Brown recalled his father dealing with the uproar over “tearing down orange trees” in the San Fernando Valley. He talked about tax increases under both his father and Reagan, while declining to say whether California needs any now. Brown also cited a job surge on his watch, along with “the largest surplus in the history of America” -- without mentioning that it vanished before he left office.
“You’ve got to find ways of doing more with less; I was the original guy on that,” Brown said. “Mr. Less-is-More, that was me.”
Brown’s record will appeal to many primary voters. He put California in the nation’s forefront on clean-air laws, opened the upper echelons of state government to women, blacks and Latinos, and championed Cesar Chavez and his farm labor movement.
Brown also enraged leaders of the state’s agriculture industry by resisting pesticide spraying to stop a disastrous fruit-fly infestation. And his brusque manner put off many legislators.
David Roberti, the state Senate’s top Democrat during Brown’s second term, described Brown as “a touch self-centered. You just don’t hit people over the head with a two-by-four and expect them to like you.”
Also challenging for Brown, especially if he advances to the general election, is the eccentric image he has tried unsuccessfully to shake. As governor, he frequently visited the San Francisco Zen Center. He extolled the benefits of wheat germ and holistic medicine. He slept on a mattress on the floor of a Sacramento apartment. His romances with singer Linda Ronstadt and other celebrities supplied grist for gossip columns.
Today, Brown lives in a sprawling house in the Oakland hills with lawyer Anne Gust, whom he married in 2005. His hawkish eyebrows have turned white; his shock of dark hair has disappeared entirely.
He calls himself a “reformed reformer.” As recently as 1992, when he ran for president, Brown refused campaign donations above $100. Now, he accepts the biggest checks allowed by law from developers, casino operators, lawyers, investment bankers and unions, as well as the energy, logging and alcoholic-beverage industries. He has raised $4.1 million, far more than any rival.

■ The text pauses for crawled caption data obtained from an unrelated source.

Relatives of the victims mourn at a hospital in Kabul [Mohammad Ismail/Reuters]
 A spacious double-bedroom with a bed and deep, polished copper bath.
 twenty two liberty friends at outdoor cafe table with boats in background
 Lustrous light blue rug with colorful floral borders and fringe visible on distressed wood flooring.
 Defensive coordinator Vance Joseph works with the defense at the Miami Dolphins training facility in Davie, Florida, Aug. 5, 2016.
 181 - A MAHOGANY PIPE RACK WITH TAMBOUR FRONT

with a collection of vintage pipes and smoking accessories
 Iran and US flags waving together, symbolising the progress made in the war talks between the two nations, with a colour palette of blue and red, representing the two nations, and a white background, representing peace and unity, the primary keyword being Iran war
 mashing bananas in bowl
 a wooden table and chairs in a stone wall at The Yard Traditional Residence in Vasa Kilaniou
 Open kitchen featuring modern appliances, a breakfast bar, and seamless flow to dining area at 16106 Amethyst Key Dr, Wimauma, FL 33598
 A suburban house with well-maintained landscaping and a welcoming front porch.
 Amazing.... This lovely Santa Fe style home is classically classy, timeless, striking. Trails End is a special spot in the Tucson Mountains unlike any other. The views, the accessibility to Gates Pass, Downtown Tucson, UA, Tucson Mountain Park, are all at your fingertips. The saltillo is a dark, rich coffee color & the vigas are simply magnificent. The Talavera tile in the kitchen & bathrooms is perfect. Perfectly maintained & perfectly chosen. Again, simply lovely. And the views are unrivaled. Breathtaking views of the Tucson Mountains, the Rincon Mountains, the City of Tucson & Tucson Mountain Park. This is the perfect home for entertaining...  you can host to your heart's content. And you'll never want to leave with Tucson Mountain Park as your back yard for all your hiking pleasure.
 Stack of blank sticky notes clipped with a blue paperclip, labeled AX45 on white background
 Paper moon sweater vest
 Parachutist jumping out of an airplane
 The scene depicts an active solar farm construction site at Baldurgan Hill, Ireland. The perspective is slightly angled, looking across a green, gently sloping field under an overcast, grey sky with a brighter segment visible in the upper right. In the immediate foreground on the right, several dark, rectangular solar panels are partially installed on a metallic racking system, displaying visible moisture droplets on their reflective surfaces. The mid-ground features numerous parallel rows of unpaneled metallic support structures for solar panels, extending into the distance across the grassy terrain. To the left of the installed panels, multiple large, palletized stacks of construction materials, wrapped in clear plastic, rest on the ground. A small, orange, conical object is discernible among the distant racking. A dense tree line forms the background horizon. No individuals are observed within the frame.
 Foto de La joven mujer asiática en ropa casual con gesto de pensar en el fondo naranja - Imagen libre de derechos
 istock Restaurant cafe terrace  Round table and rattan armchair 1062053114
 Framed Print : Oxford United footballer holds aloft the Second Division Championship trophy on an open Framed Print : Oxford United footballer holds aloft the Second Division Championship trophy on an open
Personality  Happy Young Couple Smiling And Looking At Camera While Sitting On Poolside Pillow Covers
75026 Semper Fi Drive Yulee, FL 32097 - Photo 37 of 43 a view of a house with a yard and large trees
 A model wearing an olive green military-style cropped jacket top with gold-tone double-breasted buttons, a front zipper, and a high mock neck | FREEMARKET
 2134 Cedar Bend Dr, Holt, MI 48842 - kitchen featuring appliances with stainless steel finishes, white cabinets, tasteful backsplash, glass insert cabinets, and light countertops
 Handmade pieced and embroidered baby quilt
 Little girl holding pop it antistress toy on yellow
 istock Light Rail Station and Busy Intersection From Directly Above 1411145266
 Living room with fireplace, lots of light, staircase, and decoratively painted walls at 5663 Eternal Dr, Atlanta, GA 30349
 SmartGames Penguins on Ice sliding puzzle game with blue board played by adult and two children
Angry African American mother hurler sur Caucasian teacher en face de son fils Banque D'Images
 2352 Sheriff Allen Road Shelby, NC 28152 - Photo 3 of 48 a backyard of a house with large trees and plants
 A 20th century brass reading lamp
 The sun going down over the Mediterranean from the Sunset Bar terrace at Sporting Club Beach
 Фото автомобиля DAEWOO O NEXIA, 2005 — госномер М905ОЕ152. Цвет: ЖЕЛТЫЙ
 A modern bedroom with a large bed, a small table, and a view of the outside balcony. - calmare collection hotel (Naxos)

Brown remains adept at tailoring positions to his political needs. After pledging to uphold Proposition 8, the same-sex marriage ban that voters approved in November, Brown reversed course weeks later and launched a court fight to strike it down.
The turnaround will no doubt prove important in a race against Newsom, whose 2004 order allowing same-sex weddings in San Francisco won him broad support among the liberals who dominate the Democratic Party.
But more than any recent moves, Brown’s campaign will be about the past -- above all, his eight years as governor.
“It’s a very challenging job,” Brown said. “Obviously, I think knowing a great deal about it is a real asset.”